◆ Listed entries:
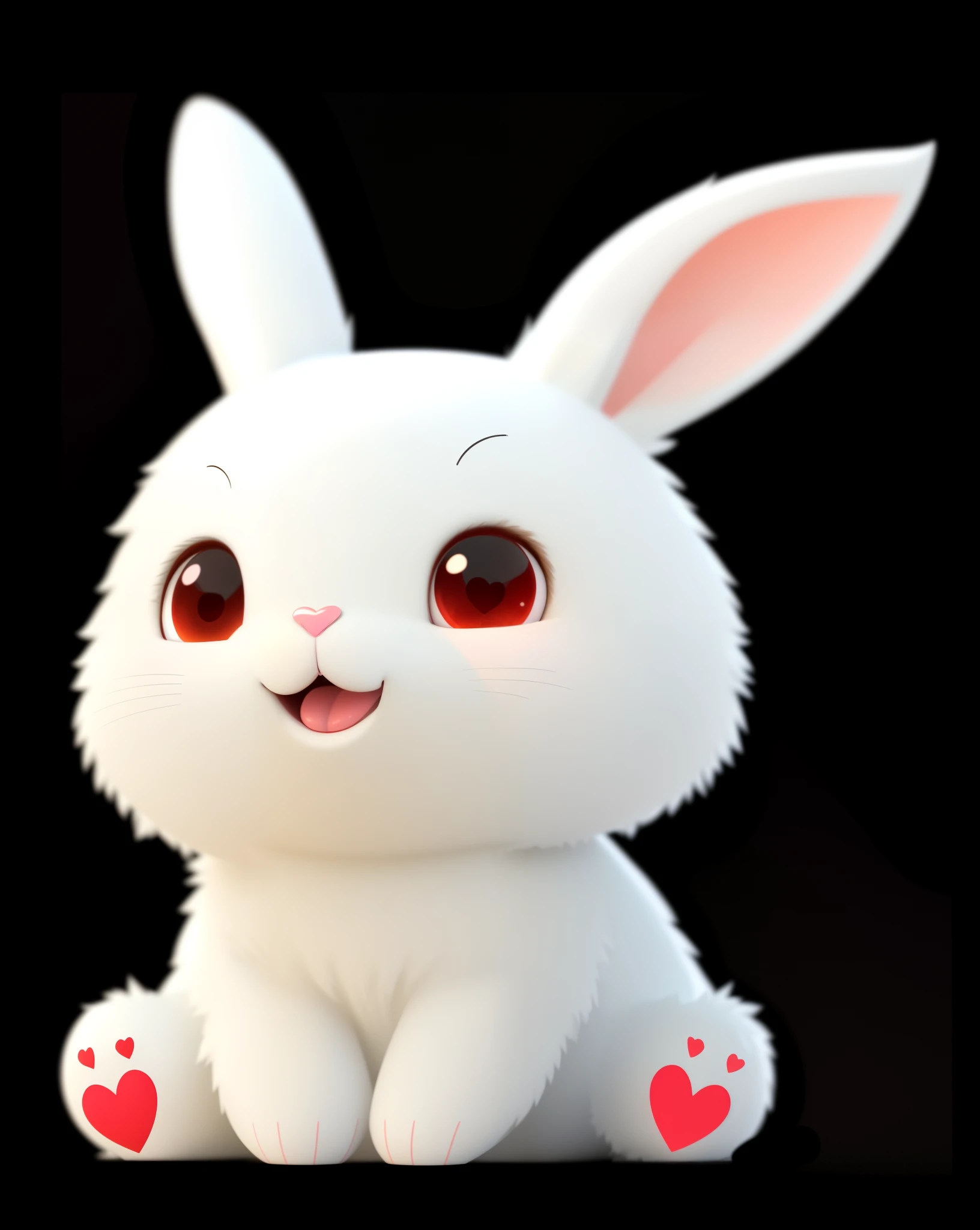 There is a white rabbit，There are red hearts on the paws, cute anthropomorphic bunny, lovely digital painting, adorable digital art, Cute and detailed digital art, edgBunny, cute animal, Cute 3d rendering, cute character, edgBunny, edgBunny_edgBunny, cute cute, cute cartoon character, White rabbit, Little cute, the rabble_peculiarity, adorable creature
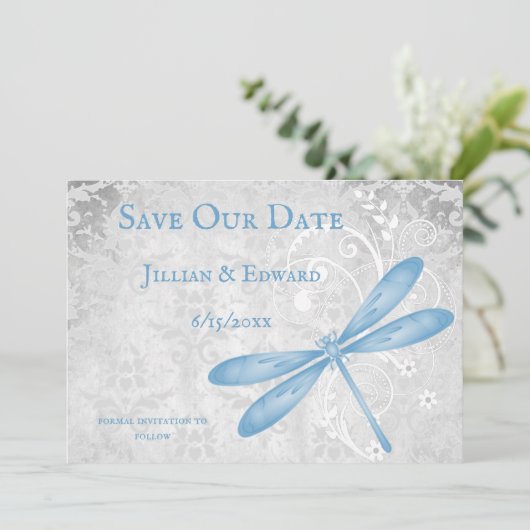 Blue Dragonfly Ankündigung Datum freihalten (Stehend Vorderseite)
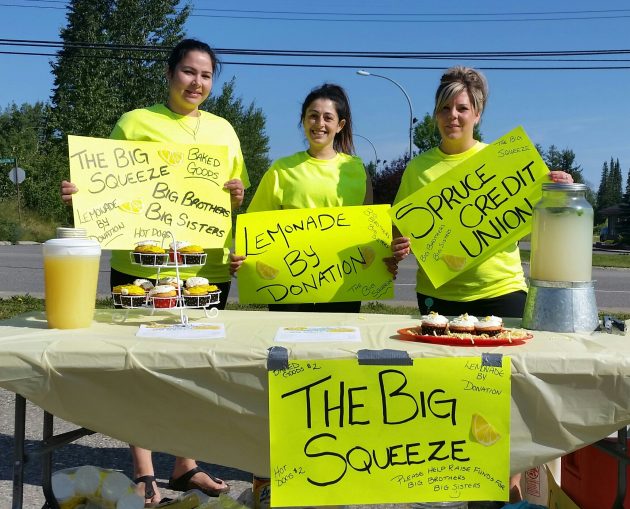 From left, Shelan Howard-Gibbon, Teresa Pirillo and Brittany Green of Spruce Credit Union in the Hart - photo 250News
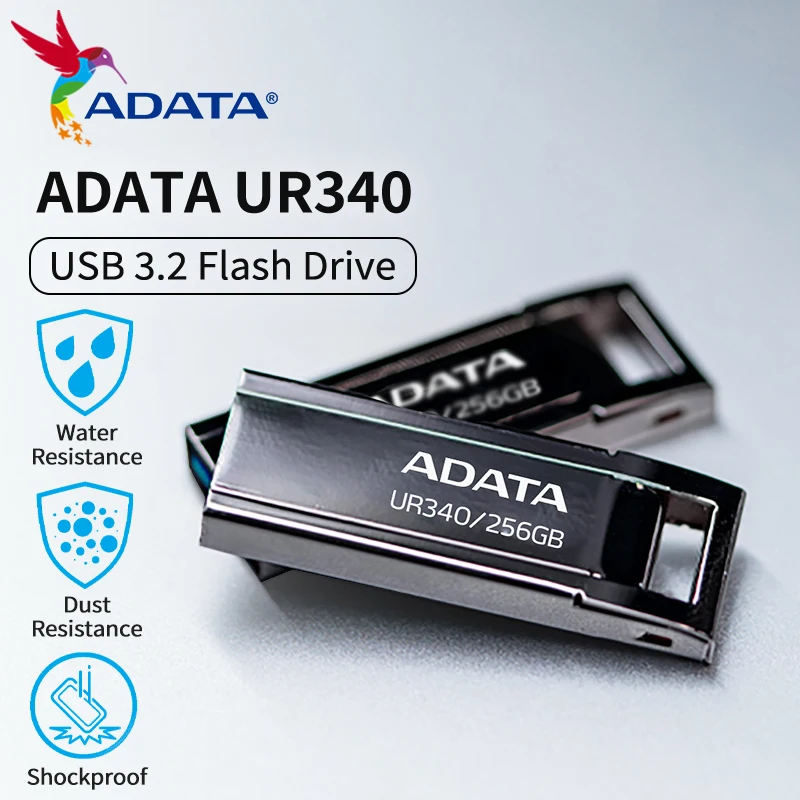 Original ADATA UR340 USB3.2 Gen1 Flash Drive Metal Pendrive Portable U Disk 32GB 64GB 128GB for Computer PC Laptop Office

---

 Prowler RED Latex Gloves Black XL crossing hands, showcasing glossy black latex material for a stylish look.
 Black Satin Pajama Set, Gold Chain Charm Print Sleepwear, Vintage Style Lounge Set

◆ Your assignment: Among the lines of the material, find those holding the word "Black" and return them.

◆ Written solution:
 Prowler RED Latex Gloves Black XL crossing hands, showcasing glossy black latex material for a stylish look.
 Black Satin Pajama Set, Gold Chain Charm Print Sleepwear, Vintage Style Lounge Set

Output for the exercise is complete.